Building Energy In The Classroom With Lesson Planning
Now this isn’t going to start a science lesson but energy is something important to talk about when it comes to lesson planning.
If a teacher presents a lesson plan full of exciting questions the engagement with students will be high and the class time will fly right by.
Now, again this doesn’t necessarily mean that to have energy in the classroom, students need to be “bouncing off” the walls.
It means that, even sitting in their seats, the teacher has the full attention of the students as seen by their level of excitement and eagerness to learn.

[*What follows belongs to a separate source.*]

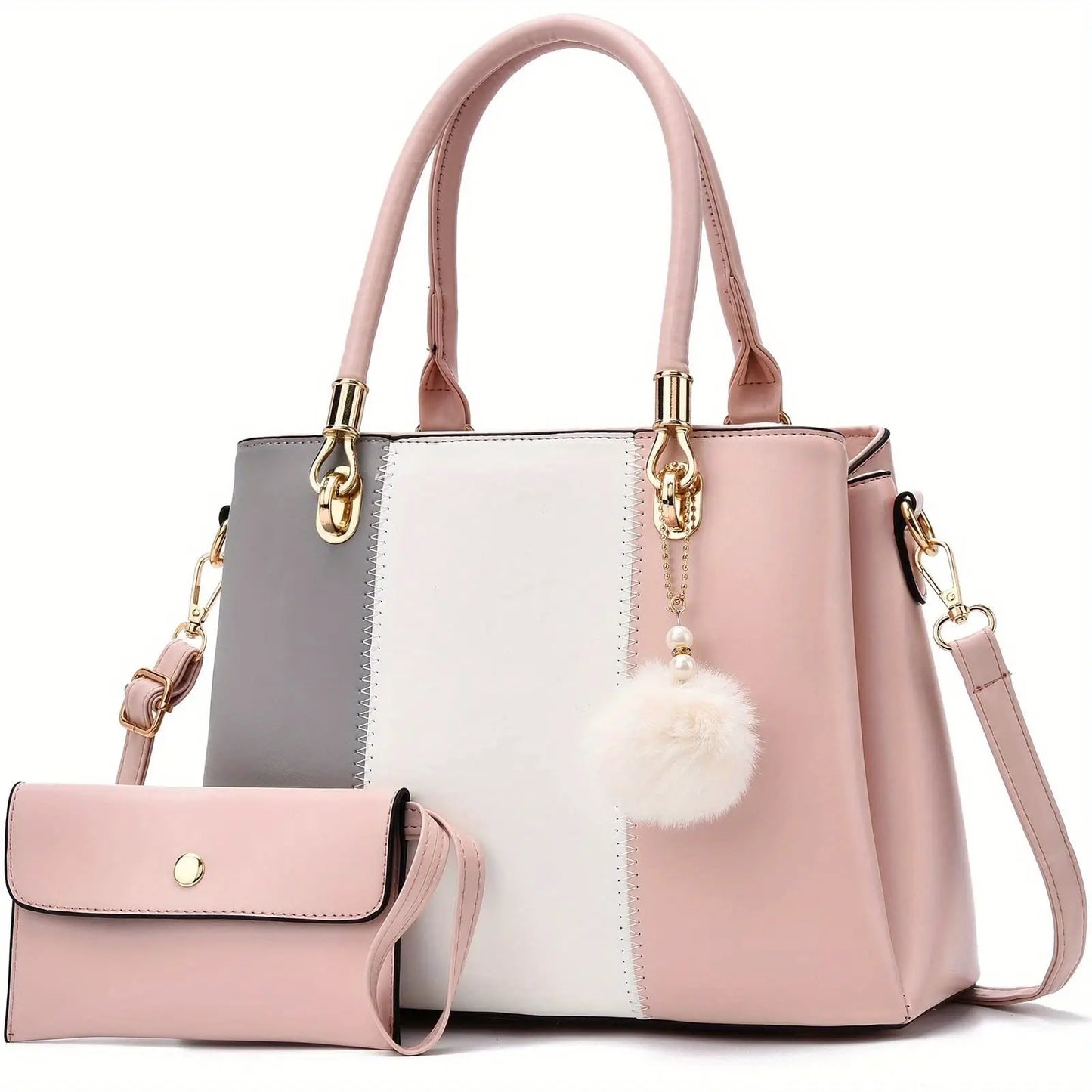 2-Piece Large Capacity Faux Leather Tote Shoulder Bag Set - Zipper Closure, Cotton Lined, Edge Painted, Solid Color Temu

The Right Questions Bring The Right Energy
If a teacher does not consider the kinds of questions they ask in the classroom, by considering the response of students to the activities, or doesn’t plan for interesting dialogue, then it’s one lesson where the energy factor is low, and students will make it known is a lesson they don’t care to remember.
One important piece of evidence that your students don’t care is that all of a sudden, more than one student has to go to the bathroom*** in the middle of your lesson.
***Bathroom disclaimer: As a teacher, and one time student, use your intuition to tell whether the student REALLY needs to go to the bathroom in the middle of your lesson. If they do, let them leave to go to the bathroom. If they stay, then make sure what you have to say is important, so they forget about asking to go the bathroom.
In this article we will provide a general guide to lesson planning, as well as more direct guidelines for lesson plans in teaching core subjects such as math and science.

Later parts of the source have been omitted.